Let's examine each friend's graph.
Friend 1: The points on Friend 1's graph are (0, 2), (2, 5), and (4, 8).
Let's calculate the ratios of levels passed and time played for Friend 1:
- At 0 minutes, Friend 1 passed 2 levels.
- At 2 minutes, Friend 1 passed 5 levels.
- At 4 minutes, Friend 1 passed 8 levels.
The ratios are as follows:
- Between 0 and 2 minutes: 5/2 = 2.5
- Between 2 and 4 minutes: 8/5 = 1.6
The ratio is not constant for Friend 1, so their graph does not represent a proportional relationship.
Friend 2: The points on Friend 2's graph are (0, 0), (2, 3), (4, 7), and (5, 8).

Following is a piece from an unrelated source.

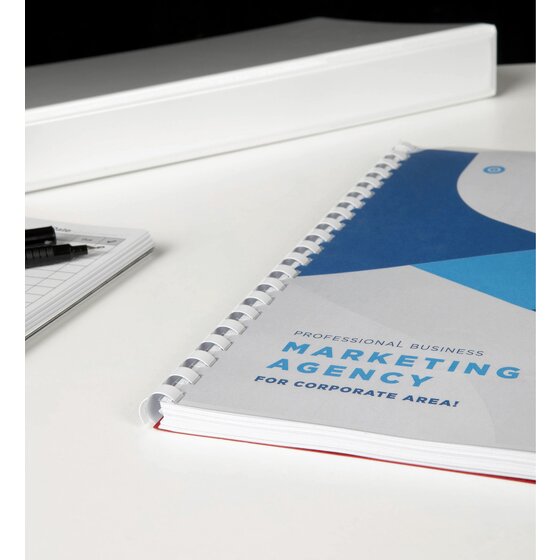 Marketing agency report bound with a white plastic comb, lying on a white desk next to a notepad and pens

Let's calculate the ratios of levels passed and time played for Friend 2:
- At 0 minutes, Friend 2 passed 0 levels.
- At 2 minutes, Friend 2 passed 3 levels.
- At 4 minutes, Friend 2 passed 7 levels.
- At 5 minutes, Friend 2 passed 8 levels.
The ratios are as follows:
- Between 0 and 2 minutes: 3/2 = 1.5
- Between 2 and 4 minutes: 7/2 = 3.5
- Between 4 and 5 minutes: 8/1 = 8
The ratio is not constant for Friend 2, so their graph does not represent a proportional relationship.
Friend 3: The points on Friend 3's graph are (0, 0), (2, 2), (4, 4), and (7, 7).
Let's calculate the ratios of levels passed and time played for Friend 3:
- At 0 minutes, Friend 3 passed 0 levels.
- At 2 minutes, Friend 3 passed 2 levels.
- At 4 minutes, Friend 3 passed 4 levels.
- At 7 minutes, Friend 3 passed 7 levels.
The ratios are as follows:
- Between 0 and 2 minutes: 2/2 = 1
- Between 2 and 4 minutes: 4/2 = 2
- Between 4 and 7 minutes: 7/3 = 2.33
The ratio is not constant for Friend 3, so their graph does not represent a proportional relationship.
None of the friends' graphs represent a proportional relationship, as the ratios of levels passed to time played are not constant for any of them.
To determine which friend's graph represents a proportional relationship, we need to understand what a proportional relationship means. In a proportional relationship, as one variable increases or decreases, the other variable also increases or decreases by a constant rate.
Looking at the graph, we can see that Friend 1's graph does not represent a proportional relationship because the rate of change is not constant. For example, from 0 to 2 minutes, the level passed increases by 3, but from 2 to 4 minutes, the level passed increases by 3 as well. This indicates a constant rate of change.
Friend 2's graph also does not represent a proportional relationship because the rate of change is not constant. From 0 to 2 minutes, the level passed increases by 3, and from 2 to 4 minutes, the level passed increases by 4. This indicates a changing rate of change.
However, Friend 3's graph does represent a proportional relationship. From 0 to 2 minutes, the level passed increases by 2, and from 2 to 4 minutes, the level passed also increases by 2. This indicates a constant rate of change.
Therefore, Friend 3's graph represents a proportional relationship.
To determine which friend's graph represents a proportional relationship, we need to look for a line that passes through the origin (0,0) and has a constant rate of change.
From the given information, line 2 passes through the origin (0,0) and has a constant rate of change. Thus, Friend 2's graph represents a proportional relationship.